EXERCISE BRIEF: Exactly as they appear, retype the lines from the one containing "Invisalign Aligners - Before and after" through the final line of the data below. Leave pictures out.

+++ INFORMATION SHOWN

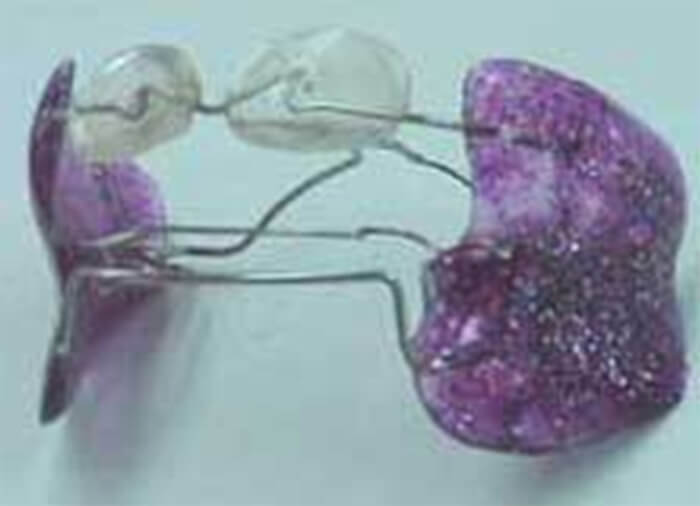Figura 17. Frankel III (Fuente: Revista Latinoamericana de Ortodoncia y Odontopediatría)
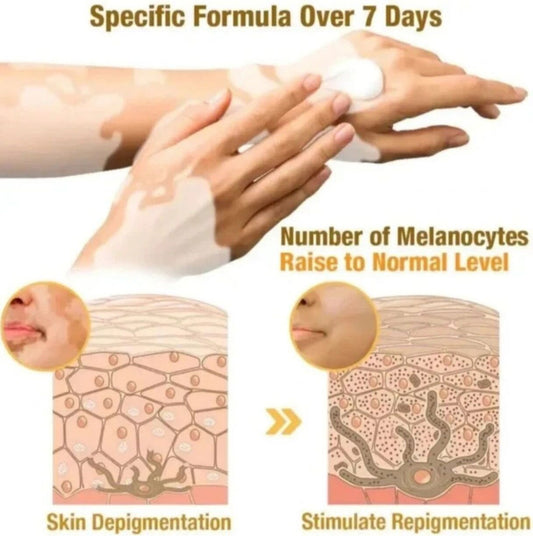 VitiGO™ Revitalizing Bee Venom Cream | Effective Solution for Vitiligo, White Spots & Skin Revitalization - Pack of 3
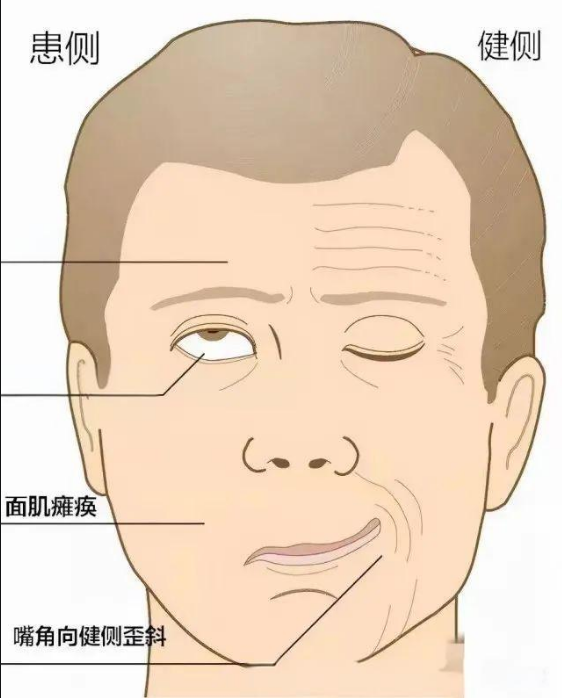 面瘫恢复时间线:面神经损伤后多久能恢复正常?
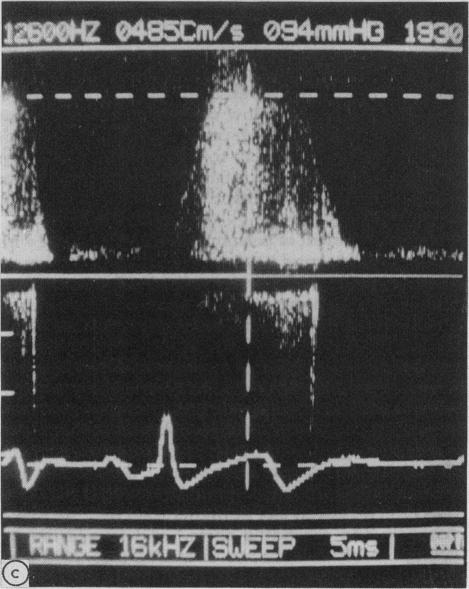 Fig c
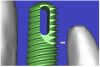 Figure 11b  By zooming in on the digital image, the implant-to-tooth distances can be assessed at the (A) crest and the (B) apex.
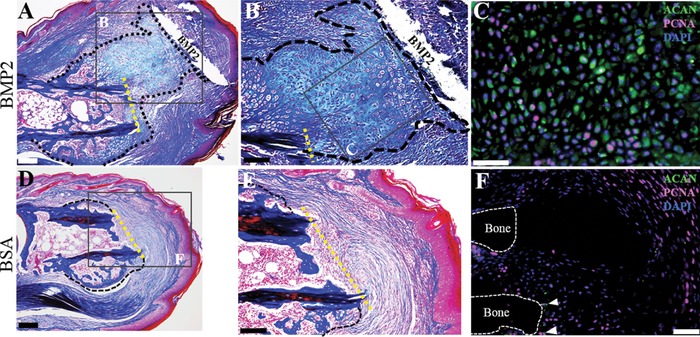 The periosteal requirement and temporal dynamics of BMP2-induced middle phalanx regeneration in the adult mouse.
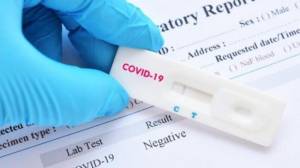 Koronavirus testinin cavabı gecikənlər nə etməlidir? Xəbər şəkili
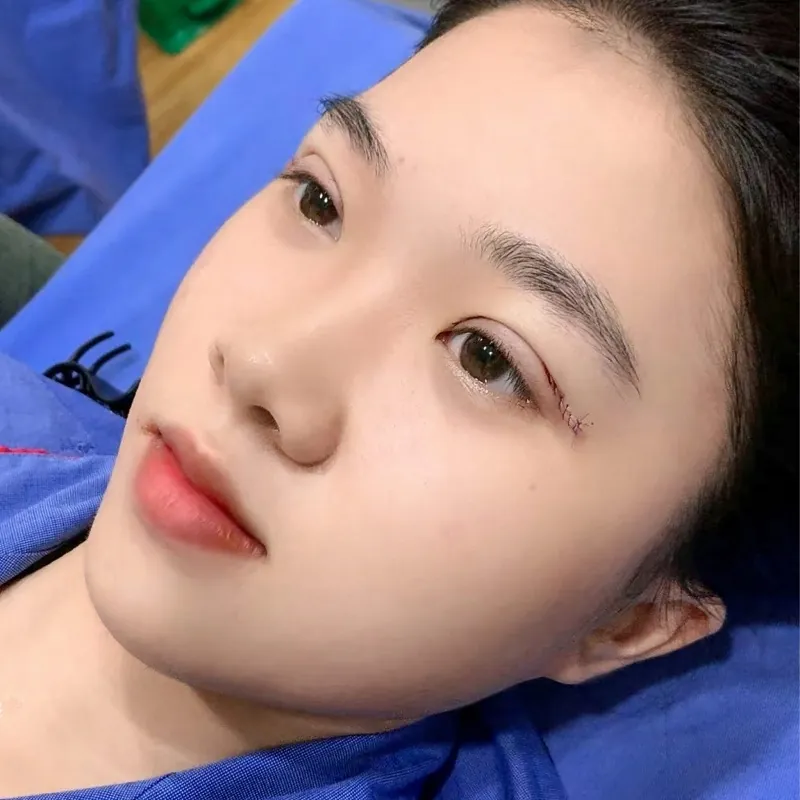 Cắt mí mắt chuyên sâu giúp loại bỏ da chùng mỡ thừa và kiến tạo nếp mí mới sắc nét.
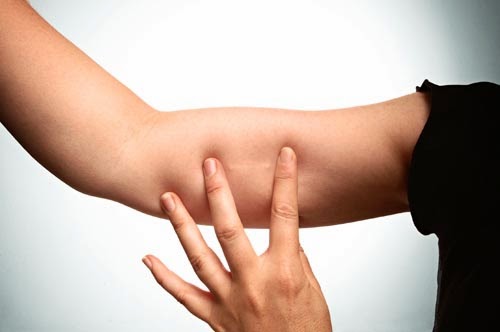 Deri Alti Cubuk Implant Nedir Kadin Ve Yasam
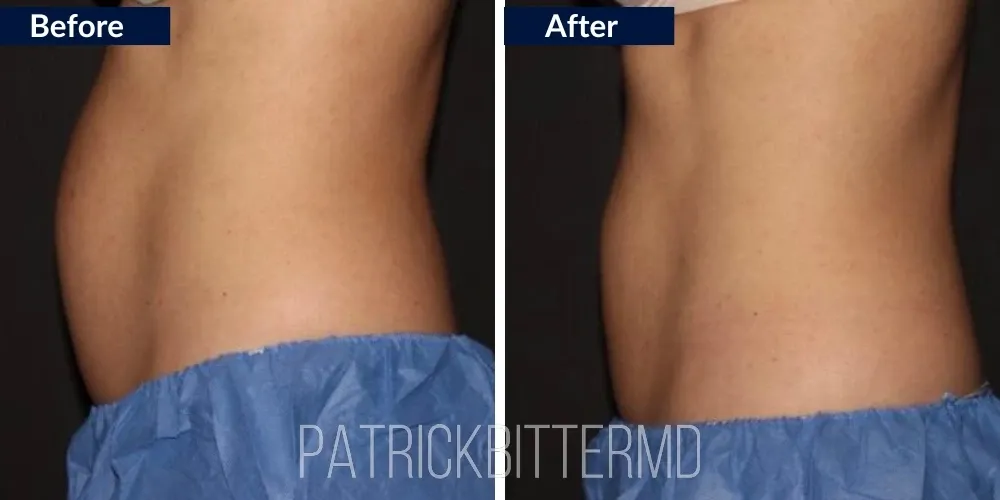 Cooltone Coolsculpting Before & After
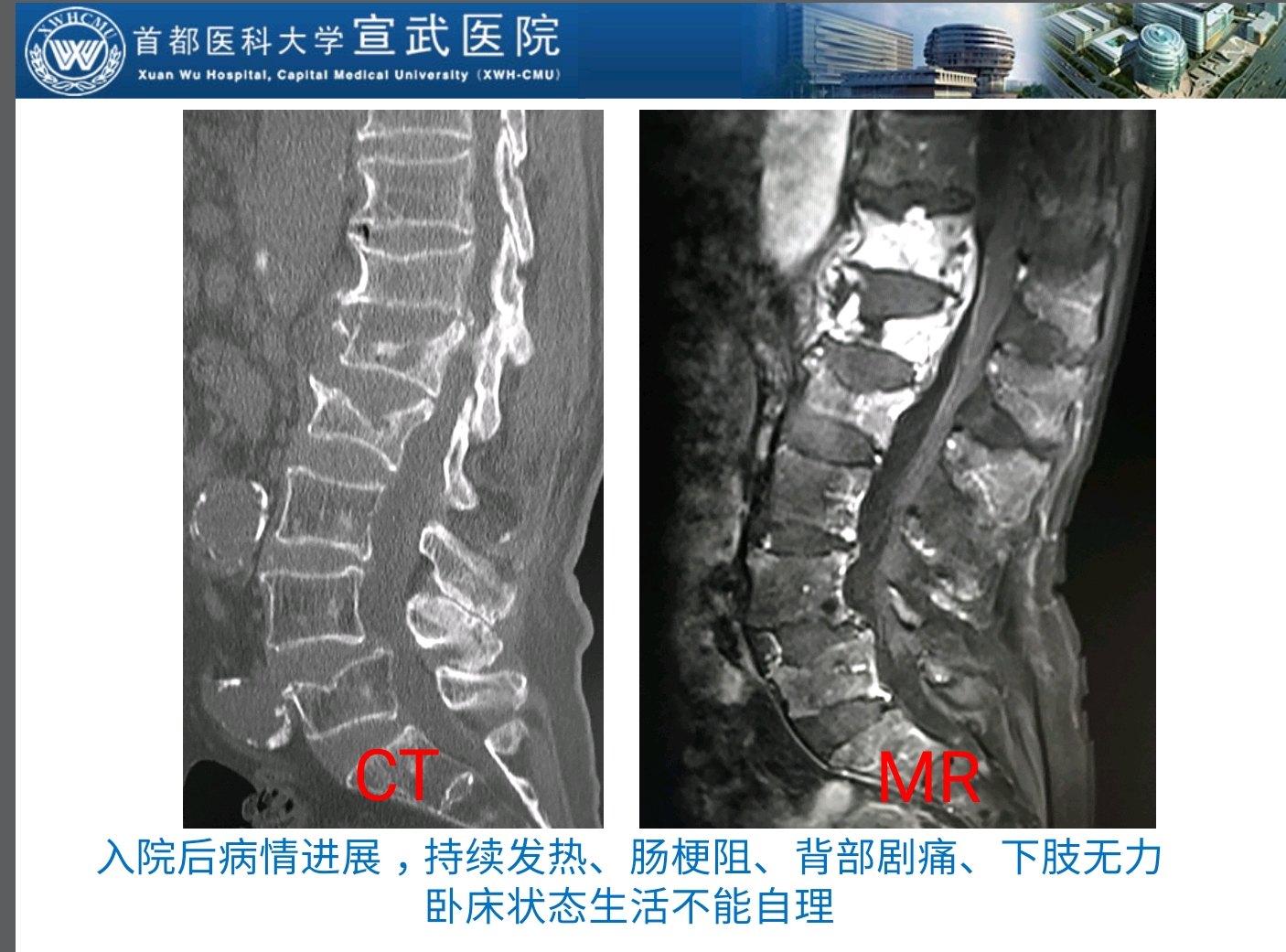 脊柱结核感染病例分享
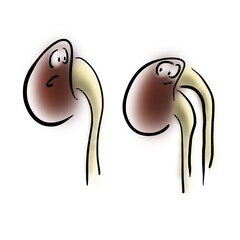 Normal kidney and double kidney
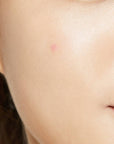 Пачове за Пъпки Cosrx Acne Pimple Master Patch 24 бр.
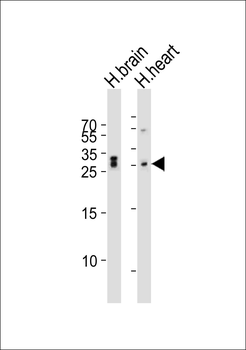 CHMP3 Antibody (N-term)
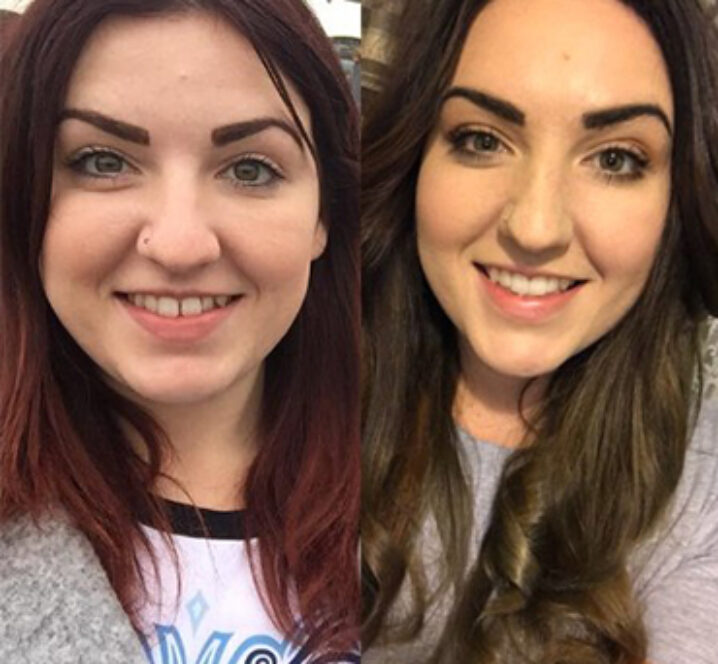 Invisalign Aligners - Before and after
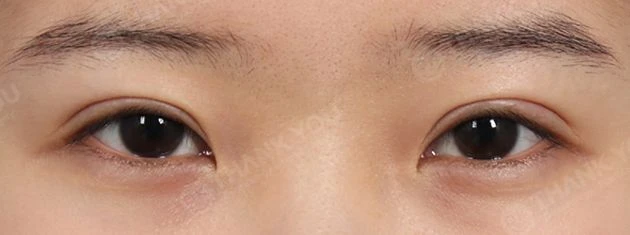 before_image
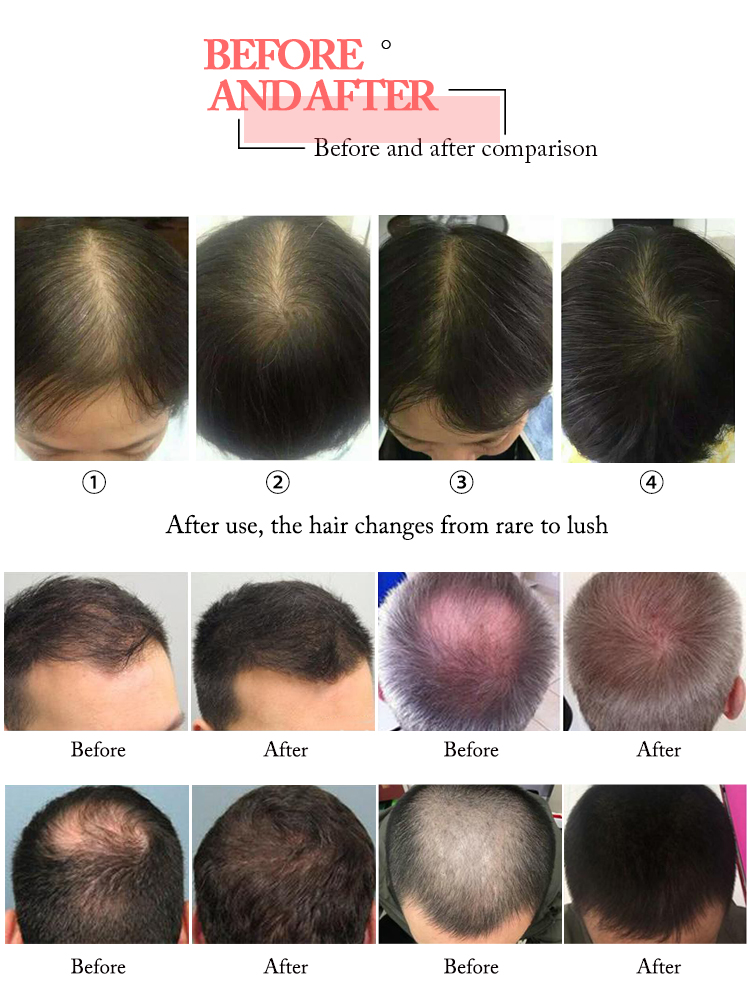 Red Diode Laser High Frequency Beauty Therapy Machine 650NM For Hair Growth OEM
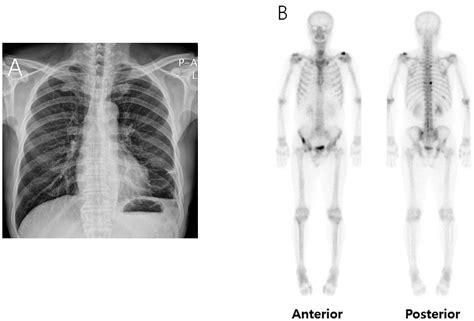 Metastatic prostate cancer initially presenting as chylothorax: A case report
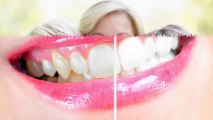 Emergency Dentist Milwaukee & Shorewood, WI - Dr. Frank R. Galka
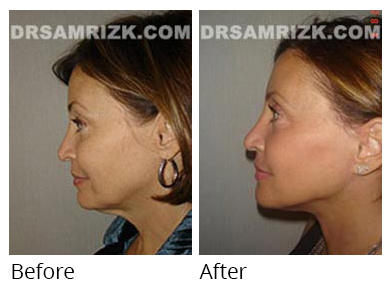 Female face, before and after Facelift and necklift treatment, side view, patient 21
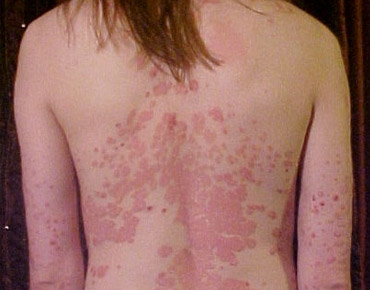 Childhood Illnesses
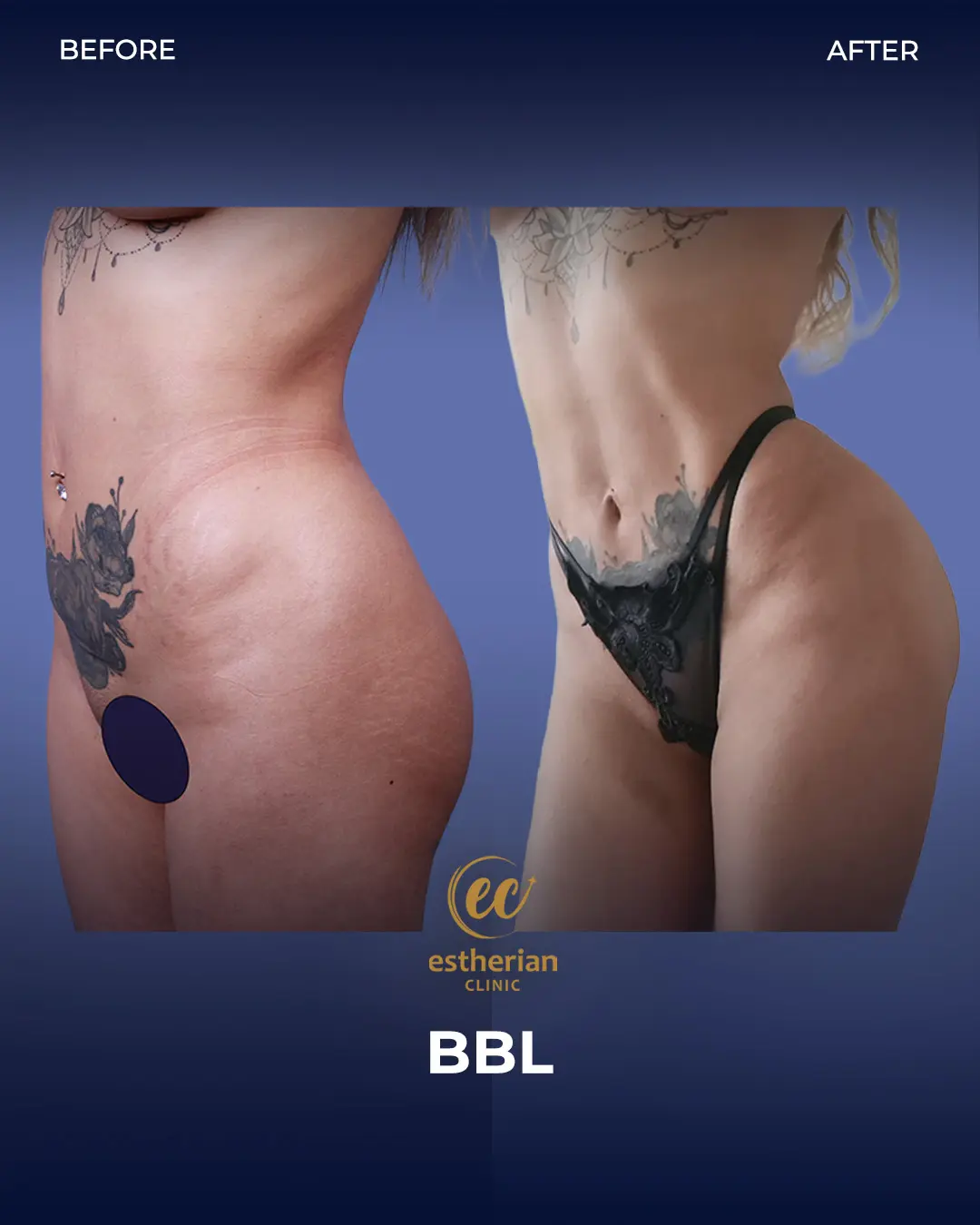 BBL - Brazilian Butt Lift Results by the Estherian Clinic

++++++

RESPONSE TO THIS TASK:
 Invisalign Aligners - Before and after
 before_image
 Red Diode Laser High Frequency Beauty Therapy Machine 650NM For Hair Growth OEM
 Metastatic prostate cancer initially presenting as chylothorax: A case report
 Emergency Dentist Milwaukee & Shorewood, WI - Dr. Frank R. Galka
 Female face, before and after Facelift and necklift treatment, side view, patient 21
 Childhood Illnesses
 BBL - Brazilian Butt Lift Results by the Estherian Clinic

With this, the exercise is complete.